I have got into numerous arguments with novice authors on this one. It is a bone of contention for me because, frankly, we don't ever speak in one consistent tense so why should a story be told in one? Not to mention that if the story is to have any three dimensional time continuity, it can't really be in just one tense anyway.
Mostly new authors are told to pick either past or present and to stay within the tense ranges for those two, but in actuality there are at least thirty of them, tenses that is, and it's good to know the basic six and how to move between them. Purdue University has an easy to understand guide for when you are trying to figure out when and how to shift tense. For example:
Did you notice the shift? The majority of the book is told in past tense and its variables, but as the narrator is reminiscing over what is to be a quintessential moment in her life, she switches to present tense to give the scene the immediacy it needs for impact. After the scene is over, the narrative resumes in past tense. This happens often throughout the book.
"He shimmered in the mirrors. An infinite number of Adrians in beige corduroy trousers and plum colored turtlenecks and brown suede jackets. And infinite number of dirty toenails in an infinite number of Indian sandals. An infinite number of meerschaum pipes between his beautiful curling lips. My zipless fuck? The man under my bed! Multiplied like lovers in the last year at Marienbad. Multipled like Andy Warhol’s self-portraits. Multiplied like the One Thousand and One Buddahs at the Temple of Kyoto. […]
“Hello Ducks,” he says, turning to me.
“I have something for you,” I say handing him the inscribed book I’ve been carrying around all day. The edges of the pages are beginning to fray from my sweaty palms.
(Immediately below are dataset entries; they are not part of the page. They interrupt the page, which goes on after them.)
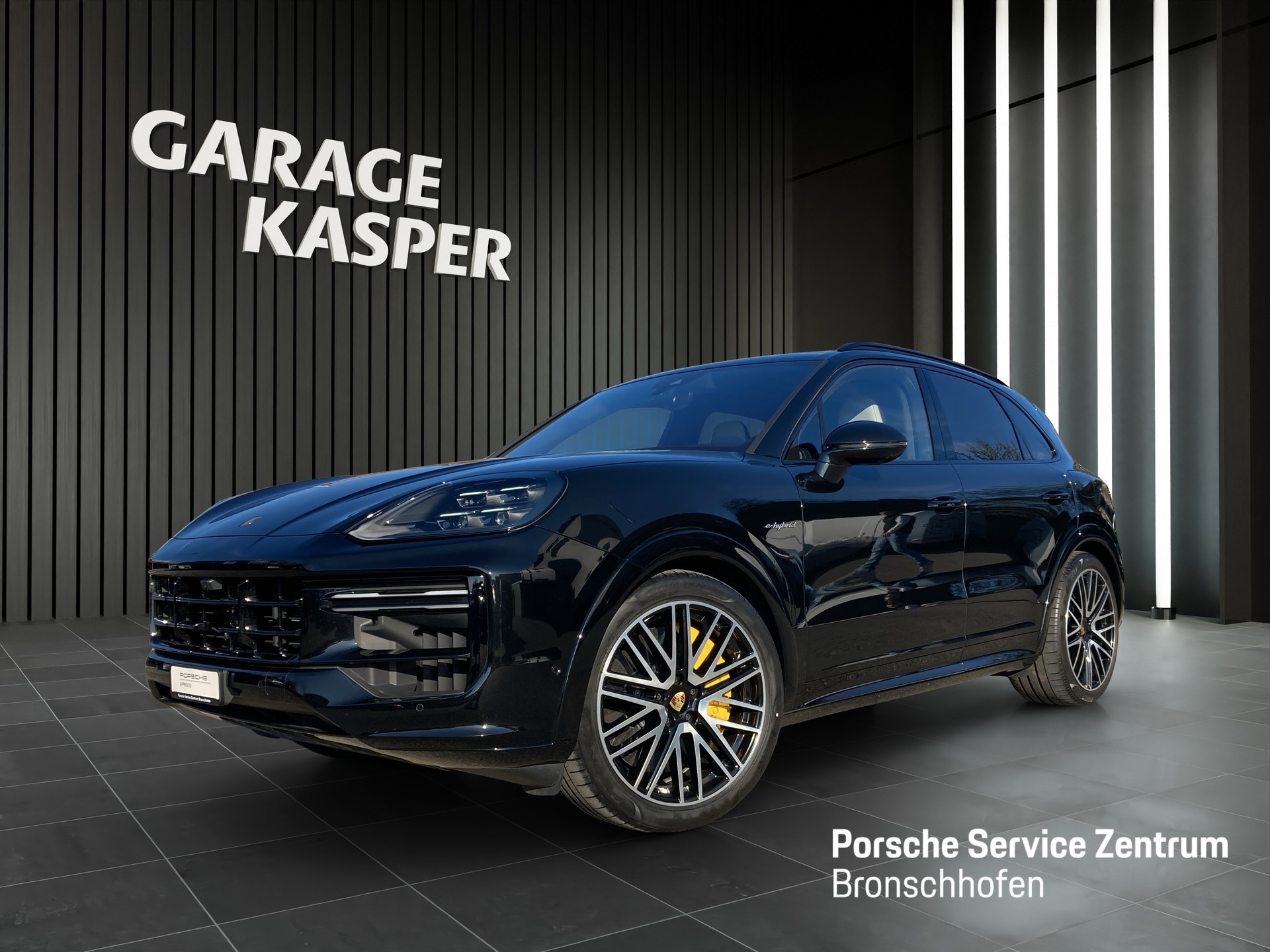 PORSCHE Cayenne Turbo E-Hybrid-image-0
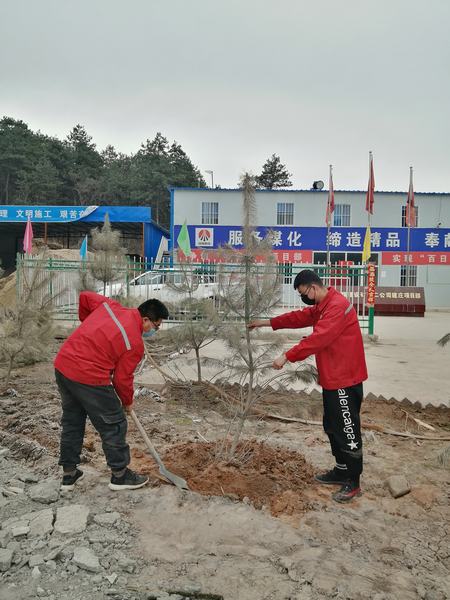 陜煤建設(shè)礦建二公司建莊項(xiàng)目部開展“植樹抗疫、青年先行”植樹活動(dòng)
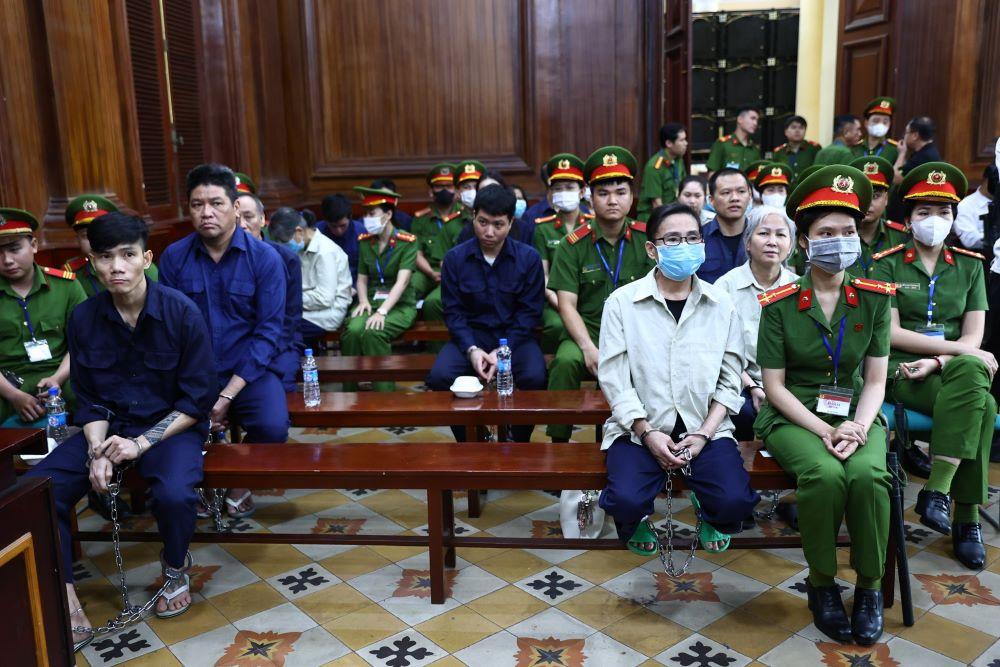 Các bị cáo tại phiên tòa. Ảnh: Anh Tú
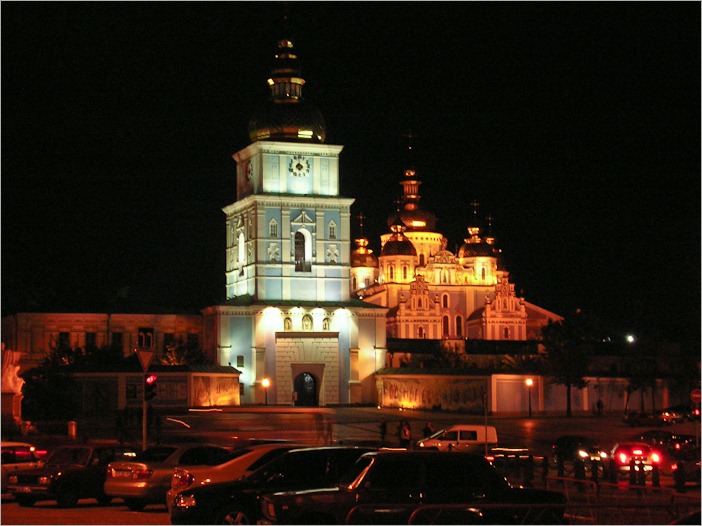 Sophia Kievskaya by night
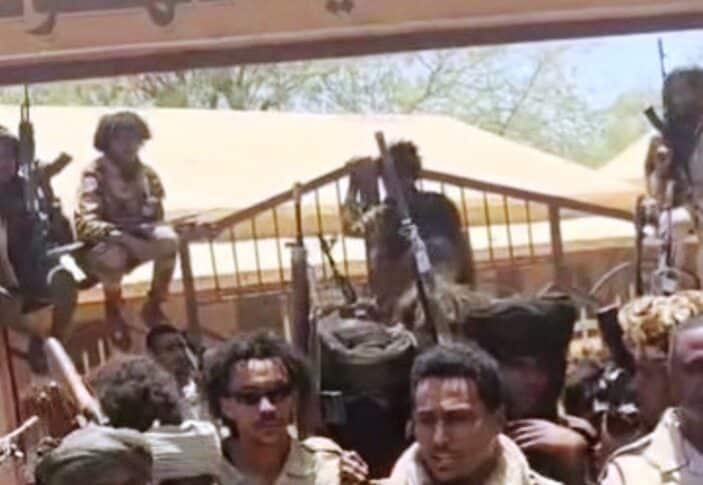 SudanTribune_EN's tweet photo. Activists accuse the RSF of committing widespread abuses against civilians in En Nahud, West Kordofan, following the arrival of new military reinforcements. Residents face arrests, assaults, and internet shutdowns.
https://t.co/oICpqOJyBT
#Sudan #KeepEyesOnSudan https://t.co/lD8ISmIFeO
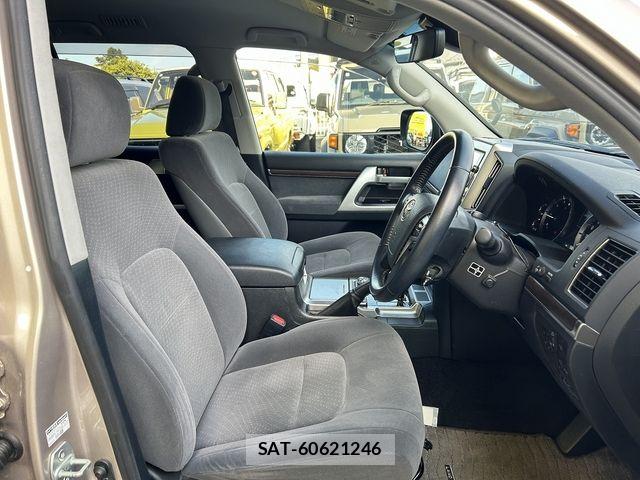 Toyota LAND CRUISER 2018-07 8829845-6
“You sweetheart!” He takes the book. We link arms and start walking down the mirrored hall.
From Fear of Flying by Erica Jong.
So you tell me -- six point something million copies sold. Award winning author Erica Jong -- did she and/or her editor make a serious mistake? I think not.
So this is just another one of those rules that has been distorted over time by people who don't understand it yet feel the need to shove it down everyone else's throat. No wonder so many new authors get confused. Feel free to shift tense when appropriate for effect, but make sure you do it right and do it subtly. An author shouldn’t have a fear of flying.
On a side note: I am embarrassed to admit that I am just getting around to reading Fear of Flying. I know, I know, in '73 when it came out, it was lauded as one of the greatest works of literature of all time, and it is. It was one of the first books to explore the feminist psyche in such an unapologetic way, and one of the first to do so written in the style of a memoir. However, I wouldn't have really been able to relate to it as deeply in my Twenties, but now that I am well into my Forties and have one divorce and a second marriage under my belt, I can appreciate the psychological truisms that would have eluded me as a younger reader less experienced in the ways of love, sex, and relationships. The book is witty, shocking in its exhibitionism, but most of all, it's honest. I don't know of any woman who hasn't thought or felt this way at some point in their life about the men in their life and how it all relates to their own sexuality. As a bonus, the writing is stellar.